By Day 2 of the Ake Arts & Book Festival, I realized that the best laid out plans can be put aside for impromptu conversations and human interactions.
You see, Lola Shoneyin and her incredible team had succeeded in attracting literary rich minds to Abeokuta and there was a lot to talk about. Conversations from Day 1 carried on until the early hours of the morning of Day 2 such that it was like we never slept.
The night before ended on a sober note with the screening of Clement Abaifouta’s documentary, The Chadian Tragedy. It told the stories of Hissene Habre’s dictatorial rule from the point of view of the survivors. Clement was one of the survivors after spending 4 tortuous years behind bars.
The morning after, I asked him about the happy years before his own arrest and what keeps him going now. Once more, I was awed at the diversity of guests and stories being told at the festival.
One of the most insightful panel discussions during this year’s edition was “Women in a Post-Boko Haram reality.” Chitra Nagarajan, Andrew Walker, and Fati Abubakar have all done a tremendous amount of work documenting the history, happenings, and challenges in the North-Eastern part of Nigeria.
The place of western education in the North, economic disparity in this region, and safe houses for Boko Haram wives were among the topics discussed.
Kadaria Ahmed was the moderator, and she later teased majority of the audience for leaving the cinema hall scanty for the fully packed concurrent panel discussion on sensuality in African literature.
There were more tales from the north in the book chat with Helon Habila (The Chibok Girls) and Teju Cole (Known and Strange Things). These two books are works of non-fiction, so these authors had no characters to hide behind.

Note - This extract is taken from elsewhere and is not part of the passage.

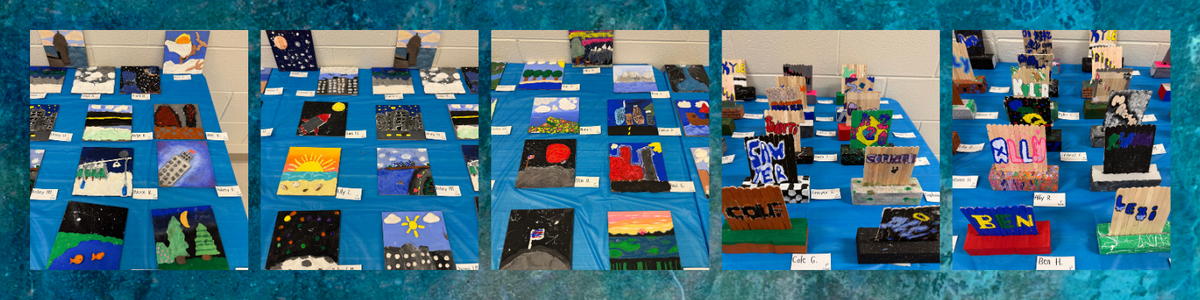 A display of student artwork featuring colorful paintings and 3D sculptures on blue tablecloths.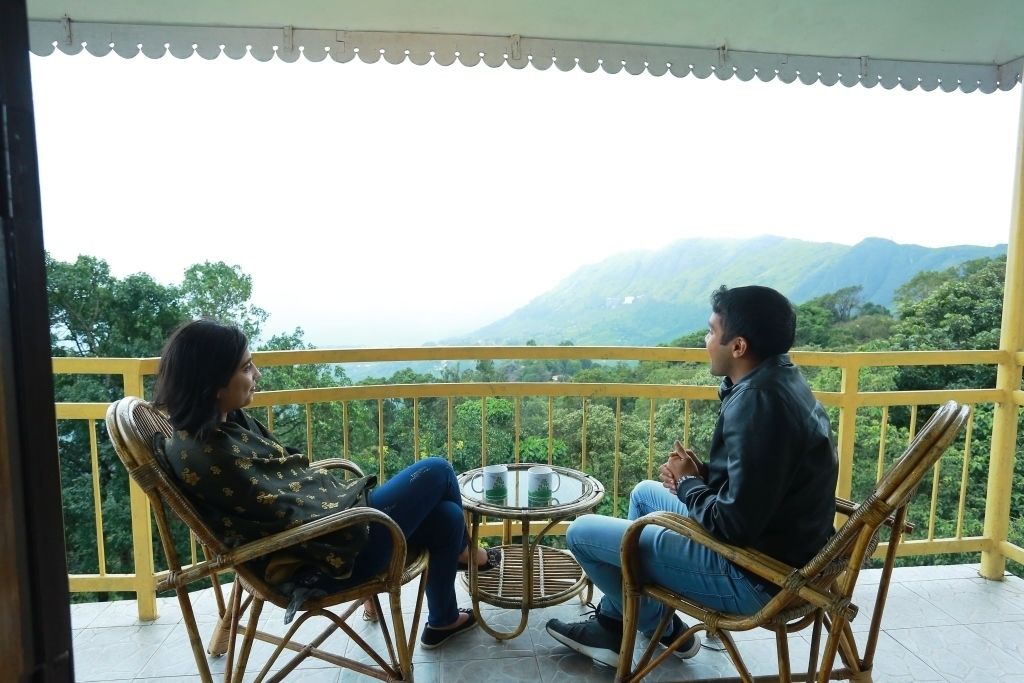 Deux personnes sont assises à une petite table ronde sur un balcon dont la rambarde est jaune, et d’où l’on peut admirer un paysage montagneux.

Kadaria once more was the moderator, and it was evident that she had thoroughly studied these books with questions that tethered on the border of the accusatory. Both Teju and Helon had comebacks with punch lines when being accused of writing for the New York literati and lightweight material respectively.
A hike up Olumo Rock in the evening and a stage play titled Iyalode of Eti, adapted for the London theatre, was the perfect blend to unwind and get back into the friendly atmosphere Ake is renowned for.